The powerful first-person narratives of this collection show us a world where gender exists along a spectrum, a web, a multidimensional space. Nuanced storytellers break away from mainstream portrayals of gender diversity, cutting across lines of age, race, ethnicity, ability, class, religion, family, and relationships. From Suzi, who wonders whether she’ll ever “feel” like a woman after living fifty years as a man, to Aubri, who grew up in a cash-strapped fundamentalist household, to Sand, who must reconcile the dual roles of trans advocate and therapist, the writers’ conceptions of gender are inextricably intertwined with broader systemic issues. Labeled gender outlaws, gender rebels, genderqueer, or simply human, the voices in Nonbinary illustrate what life could be if we allowed the rigid categories of “man” and “woman” to loosen and bend. They speak to everyone who has questioned gender or has paused to wonder, What does it mean to be a man or a woman—and why do we care so much?


FindingLatinX

September 2023 Selection

Finding Latinx: In Search of the Voices Redefining Latino Identity

By Paola Ramos

Latinos across the United States are redefining identities, pushing boundaries, and awakening politically in powerful and surprising ways. Many—Afrolatino, indigenous, Muslim, queer and undocumented, living in large cities and small towns—are voices who have been chronically overlooked in how the diverse population of almost sixty million Latinos in the U.S. has been represented. No longer.

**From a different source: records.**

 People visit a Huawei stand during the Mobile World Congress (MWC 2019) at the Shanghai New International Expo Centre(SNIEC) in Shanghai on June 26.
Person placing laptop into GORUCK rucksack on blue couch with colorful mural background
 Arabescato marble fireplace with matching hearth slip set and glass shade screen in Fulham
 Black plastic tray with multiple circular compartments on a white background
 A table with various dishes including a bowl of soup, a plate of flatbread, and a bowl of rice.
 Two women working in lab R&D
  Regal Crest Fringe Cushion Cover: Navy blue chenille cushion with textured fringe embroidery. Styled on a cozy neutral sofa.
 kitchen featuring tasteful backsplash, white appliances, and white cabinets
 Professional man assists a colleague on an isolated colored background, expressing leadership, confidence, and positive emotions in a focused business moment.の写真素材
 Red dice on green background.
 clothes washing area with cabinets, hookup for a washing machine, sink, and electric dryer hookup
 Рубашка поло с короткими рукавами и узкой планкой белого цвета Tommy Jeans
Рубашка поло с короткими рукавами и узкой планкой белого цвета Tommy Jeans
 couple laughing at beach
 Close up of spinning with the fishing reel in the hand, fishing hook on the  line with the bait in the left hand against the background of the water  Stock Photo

In this empowering cross-country travelogue, journalist and activist Paola Ramos embarks on a journey to find the communities of people defining the controversial term, “Latinx.” Drawing on intensive field research as well as her own personal story, Ramos chronicles how “Latinx” has given rise to a sense of collectivity and solidarity among Latinos unseen in this country for decades.

A vital and inspiring work of reportage, Finding Latinx calls on all of us to expand our understanding of what it means to be Latino and what it means to be American. The first step towards change, writes Ramos, is for us to recognize who we are.


Books are chosen by the inclusive culture sub-group of the DEI Committee. Members of the book club and the broader UWS community are also invited to make book suggestions by sending ideas to bmajekobaje@test.uws.edu.

How to Get a Book

  • Use a copy you already own or borrow from a friend/ colleague
  • Reach out to your local library, including the UWS library
  • Check out used or inexpensive options at a local or online bookstore
  • The DEI Committee will have a limited number of copies for employees to borrow. Contact Bola Majekobaje for more information.

Sponsored by the Office of Diversity, Equity and Inclusion.

Partners:

  • DEI Committee
  • UWS Library

Inclusive Culture Sub-Committee members: Bola Majekobaje, Johnny Kang, Jordan Elston, and Ritah Parrish

Community Agreements:

  1. Foster a co-learning environment. We are all on a path of learning and are striving to do the best we can. Gaining cultural competence and practicing cultural humility is a life-long process.  
  2. Correct gently, but do correct. If participants say something that is incorrect or offensive, politely address what was said. One method is to use curiosity and inquiry if there are questions about intent. For example… “Tell me more about what you mean when you say…?” 
  3. Make space, take space. Participants should be aware of how much they are speaking. If they feel they are speaking a lot, they should let others speak, and if they find themselves not talking, they should try to contribute some comments, ideas, or suggestions. 
  4. Assess your individual safety and use discernment. Your individual safety is important. Please only share as much as you feel comfortable. The intent is that learnings from the book club will be shared, but please refrain from using names or personal stories of colleagues.  
  5. At the same time, lean into discomfort. Book club topics can sometimes be challenging. Be willing to experience some discomfort in discussions, and learn from that experience.  
  6. Take care of yourself. If the discussion is too intense or makes you feel too uncomfortable, please feel free to step away.  
  7. Use “I” statements. Everyone should speak from his/her/their own experiences.